I guess I should not be too surprised that Adobe isn’t supporting the Mac platform to the fullest. The thing I don’t understand is how they were unprepared for the Leopard 10.5 update.
When Leopard was first updated Adobe released a notice concerning their support for the latest version of Mac OS Leopard. Interestingly enough this report was published as an Acrobat file. Now why is this interesting? Well, one of their comments was that Acrobat 8.0 will encounter issues on OS X 10.5. Well how could you view this support article? Well, acording to Adobe you couldn’t use Acrobat, but don’t take my word for it:
[Adobe Acrobat Professional] Requires update to 8.1.2 for full compatibility. Expected to be available in English, French, German, and Japanese in late January 2008. Additional languages expected shortly thereafter.
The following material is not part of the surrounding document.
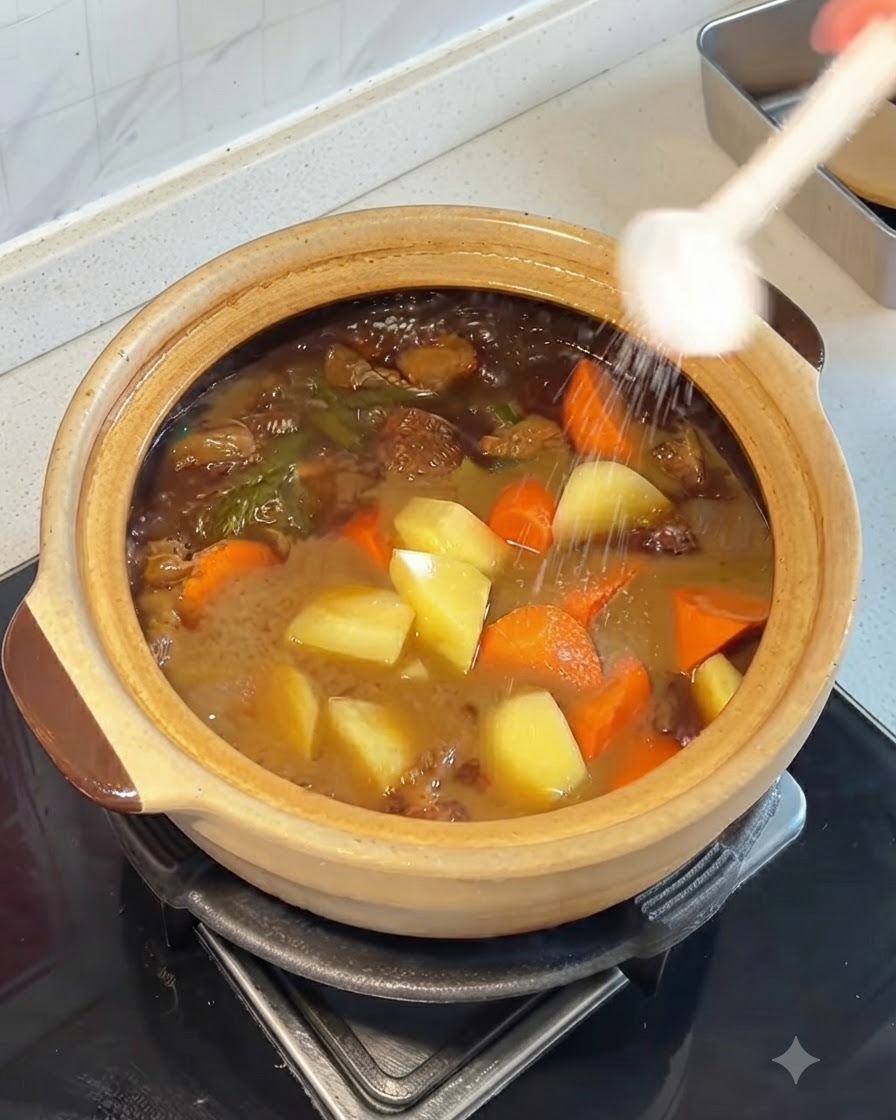 Salt being sprinkled from a spoon into a clay pot filled with beef, potatoes, and carrots before being covered with a lid.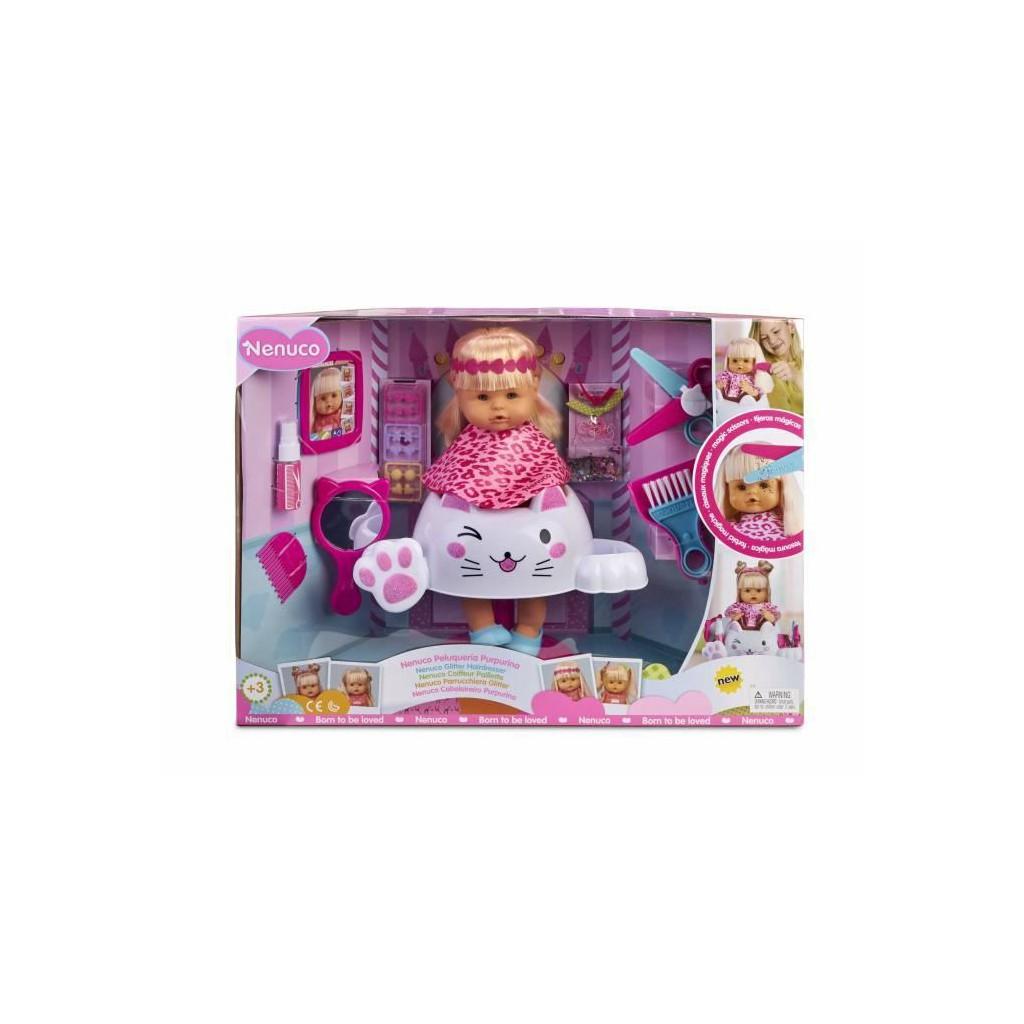 Nenuco Peluquería Glitter muñeca de peinado y accesorios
Adobe had a similar comment for their free Adobe Reader application:
[Adobe Reader] Requires Adobe Reader 8.1.2 for full compatibility. Expected to be available in late January 2008.
Well January 31st came and went and there was no update from Adobe. Sure, the press gave a pass to them, but what about the “Creative Professionals” who rely upon these tools? Well, I guess Adobe has been giving similar signals for the past few years and it seems like they would rather all of the Mac users just switch over to Vista because the 12% of the market Mac users will have by 2011 is too small of a market for them.
The thing I do not understand is how MacWorld can claim that Adobe is one of the closest developers to Apple and they don’t cry foul when Adobe was unprepared for the stealthy and minimal release of Mac OS Leopard. I guess Adobe thought that no-one would upgrade, and I guess MacWorld was worried about losing advertising dollars from Adobe. That’s journalism for you.